One of my first projects was to make a front page for a website, the sort of thing with an “Enter Site” link on it. It is mostly images, and I learned a lot about manipulating images in setting the page up and making it responsive.
All of the following require setting a position attribute. Fixed, relative, absolute – anything but the default static.
At a small screen width I just use percentages for width.
width: 60%; left: 20%; // that is, half of 100-60
will center an image or the div containing it. If you apply it to the image and the image is smaller than 60% of the current screen width it will expand to fit. If you apply it to a containing div and leave the image unstyled, then the image will appear in its natural size, extending outside the div if necessary. Styling the image with width: 100%; makes it fill the div exactly, regardless of its natural size.
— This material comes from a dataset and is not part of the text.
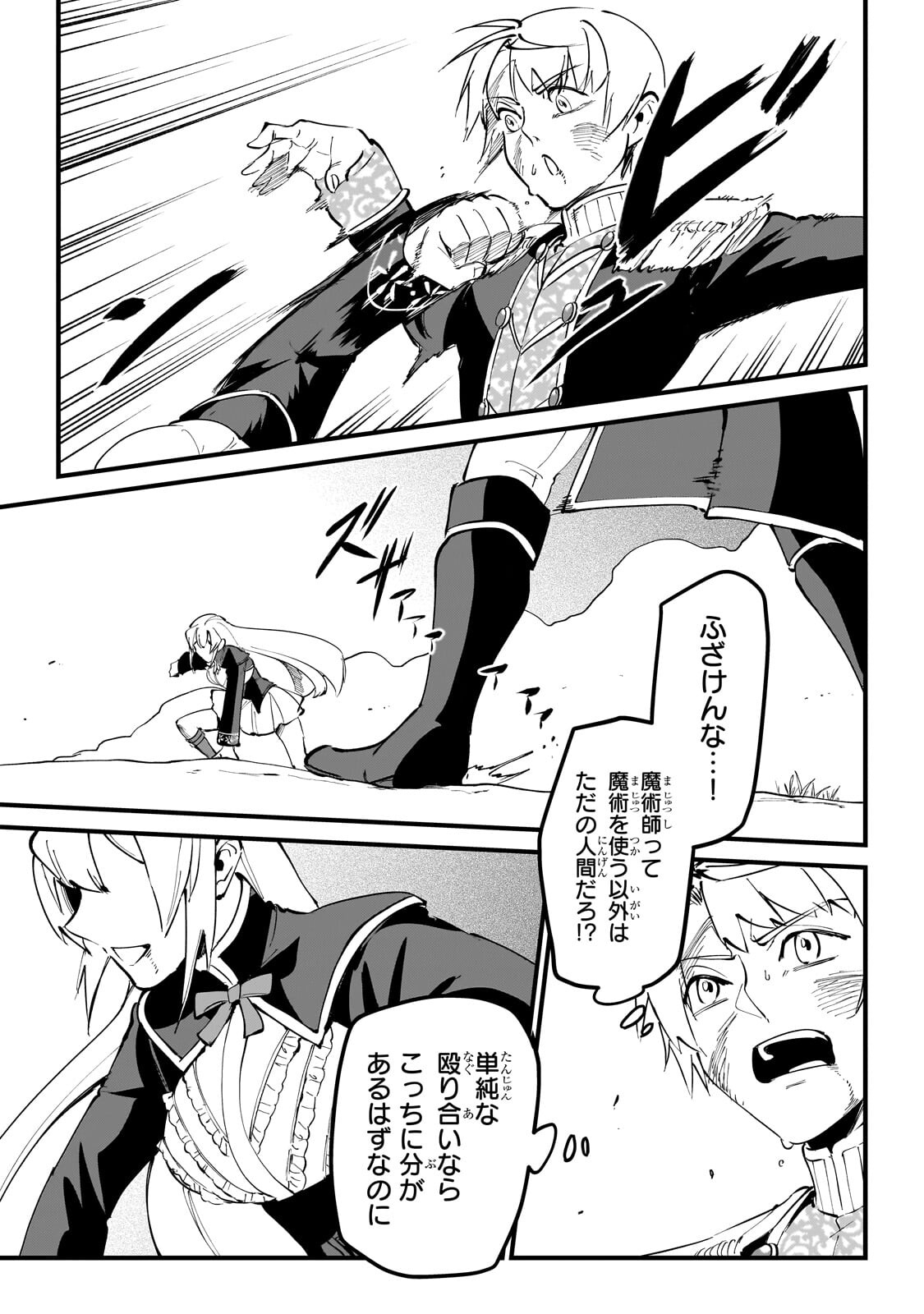 Jakushou Kokka no Eiyuu Ouji ~Saikyou no Majutsushidakedo, Sassato kuni dete Jiyuu ni Ikiteee!~ Chapter 15.1 5ページ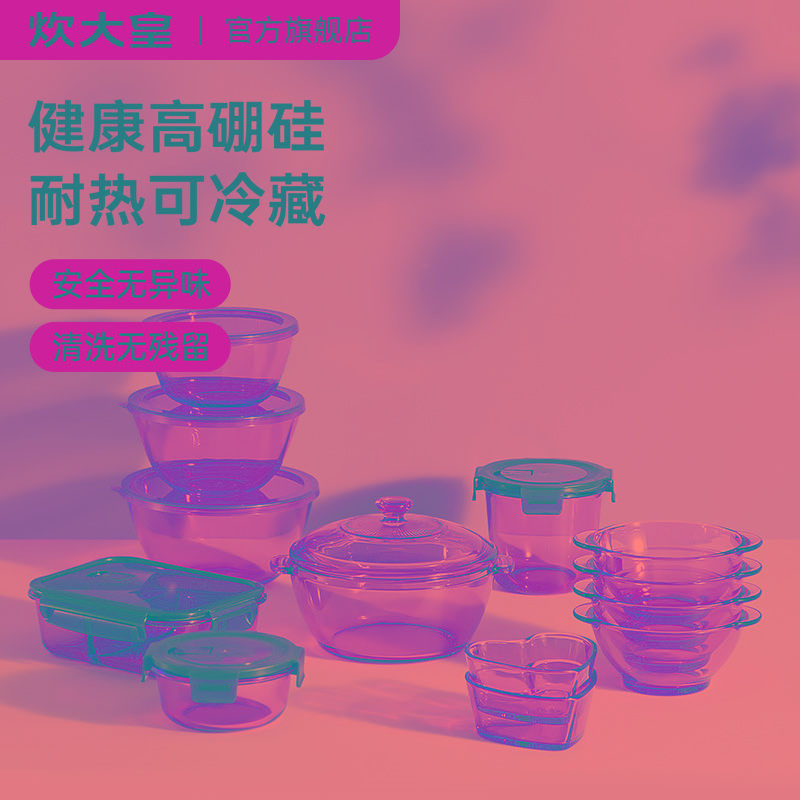 玻璃碗琥珀耐高温家用泡面沙拉碗便当盒套装微波炉专用餐具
For larger screens width by percentage isn’t as useful for images. I do not remember where I found this trick, but you can center a smaller image or div on a wide page with percentages and negative margins.
top: 50%; left: 50%;
will center the top left corner of the image or div. Suppose the element is 250px wide and 400px tall. Add margins to shift the element so its center is centered.
margin-top: -200px; margin-left: -125px;
I used this technique to make sure the background image was centered regardless of browser window width, and, with appropriate margin adjustments, to stack a second div below the one in the center of the screen.